The Fool / Real Life

  • Timothy Dexter. A man who was completely uneducated, he managed to make a fortune by making a series of horrible business decisions that, due to sheer luck, turned out to be extremely profitable. The man made the stupidest decisions possible (including a number suggested by hated enemies) and every one of them came out as a profit. Some examples:
    • Stocking up on Continental dollars during the Revolutionary War. None of the people who made the suggestion ever gave thought to the possibility that the colonies would win...which they did.
    • He'd also bought lots of British pounds and French currency, which also became valuable once trading resumed after the American Revolution.
    • On marrying a wealthy widow, he decided to play the stock market. By picking stocks at random. They all went up.
    • Selling the strangest things to the Caribbean:
      • Bed warming pans, which you don't need in the tropics. But the warming pans turned out to be great molasses ladles. (It was said, though, Dexter had a captain who watched out for him, and made the trade to the booming molasses industry.)
      • Stray cats. But it turned out the Caribbean was having a rat problem.
      • Mittens. But traders there bound for Siberia took them off his hands.
    • He sent Bibles to the East Indies, a not-exactly-Christian area. Except there were missionaries over there at the same time, eager to use the bibles to spread Christianity in the area.

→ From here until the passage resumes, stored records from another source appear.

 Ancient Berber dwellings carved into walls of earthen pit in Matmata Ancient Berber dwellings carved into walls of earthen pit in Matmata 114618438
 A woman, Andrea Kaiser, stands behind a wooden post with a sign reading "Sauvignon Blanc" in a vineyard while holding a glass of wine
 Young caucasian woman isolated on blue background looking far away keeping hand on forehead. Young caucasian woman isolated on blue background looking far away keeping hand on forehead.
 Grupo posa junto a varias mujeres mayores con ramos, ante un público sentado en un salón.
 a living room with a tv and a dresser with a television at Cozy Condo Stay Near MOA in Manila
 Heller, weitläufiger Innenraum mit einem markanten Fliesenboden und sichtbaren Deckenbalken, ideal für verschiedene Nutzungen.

    • Sending coal to Newcastle, the feat he's often known for. As in a place built on the coal-mining industry (thus the phrase "Coals to Newcastle" meaning "giving them something they have too much of already"). What happened just before it got there? The coal miners went on strike in the dead of winter, so everyone bought his coal at a premium.
    • Stocking up warehouses full of whale bones. Then someone discovered that whalebone made an ideal reinforcing material for corsets. He sold clean out.

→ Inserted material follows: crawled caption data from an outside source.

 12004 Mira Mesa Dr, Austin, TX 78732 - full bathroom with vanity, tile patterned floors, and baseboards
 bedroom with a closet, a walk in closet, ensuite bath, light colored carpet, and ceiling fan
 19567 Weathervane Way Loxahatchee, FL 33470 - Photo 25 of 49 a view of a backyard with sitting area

    • He wrote a book about himself, with capitals sprinkled about at random, and no punctuation anywhere in the main text (starting with the second edition, it DID have a page of punctuation marks at the end, suggesting the readers "solt and peper it as they plese", as literal as Punctuation Shaker can get). In a case of So Bad, It's Good meets Bile Fascination, it sold well.
      • Though from the sound of it, a number of people were probably hoping that they could figure out how the hell he pulled those stunts off.

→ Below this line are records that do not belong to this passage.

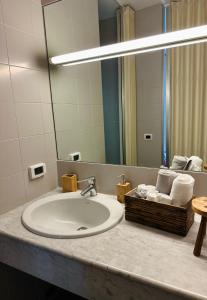 un lavabo con espejo y una cesta de toallas. en Eporedia 222 en Ivrea
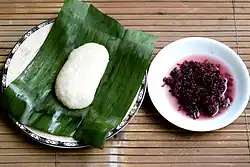 Tapai ketan (right) served with uli (glutinous rice cooked with grated coconut, and mashed; left)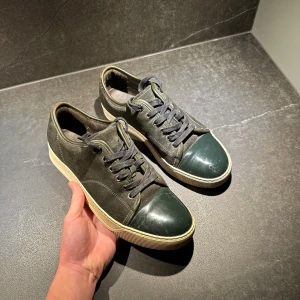 Svarta sneakers med gröna detaljer - Hejsan! Jag säljer nu dessa riktigt feta skor ifrån lanvin. Dem är i storlek uk6 vilket motsvarar ungefär 40-41! Dem är i helt okej skick men inte de bästa! Hör av er om ni har frågor!😃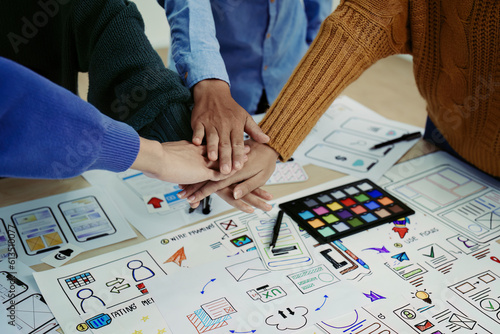 ux developers and ui designers use augmented reality to brainstorm on mobile app and web site page interface wireframe designs on modern office desks. successful, deal, success, together concepts.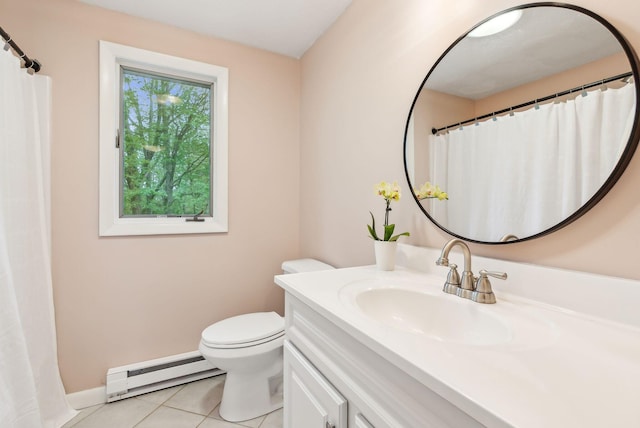 17 Graham Rd Unit 17, Westbrook, ME 04092 - full bathroom with a baseboard heating unit, tile patterned floors, vanity, toilet, and baseboards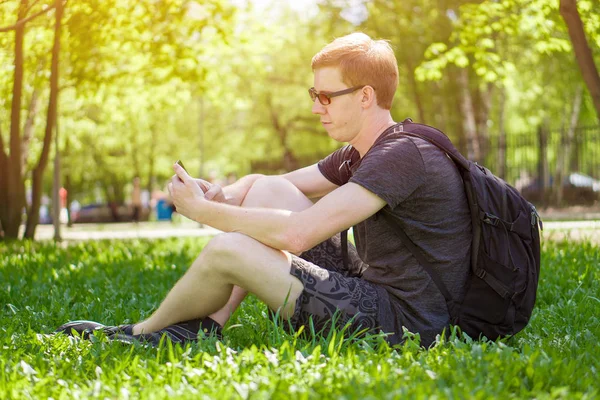 a man sits on the grass and looks at the phone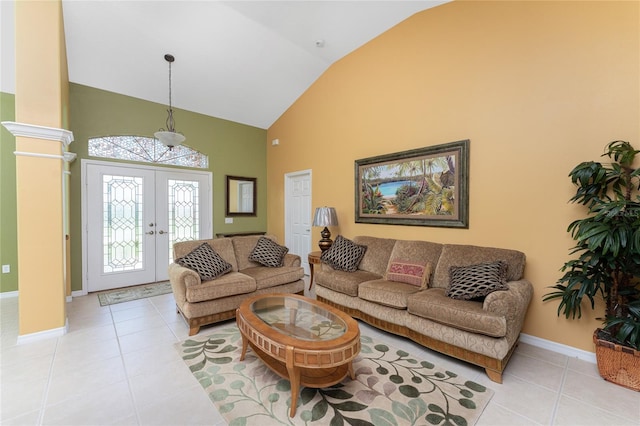 240 White Marsh Ln, Rotonda West, FL 33947 - living area featuring light tile patterned floors, french doors, baseboards, and high vaulted ceiling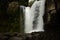 Waterfall landscape. Amazing Tegenungan waterfall in tropical rainforest in Bali near Ubud. Strong dynamic water flow. Bali,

      • Or Dexter knew of his reputation as The Fool by them and played off of it. It was said he later actually used his experience to better know which markets had high demand for a needed good, and bought that good in other places where it was a bargain, then resold said good to the first markets for profit. He'd made the first manufacturing center for clay pipes, and bought stock in vital toll bridges and great tracts of land. So even The Fool might be smart as well as lucky.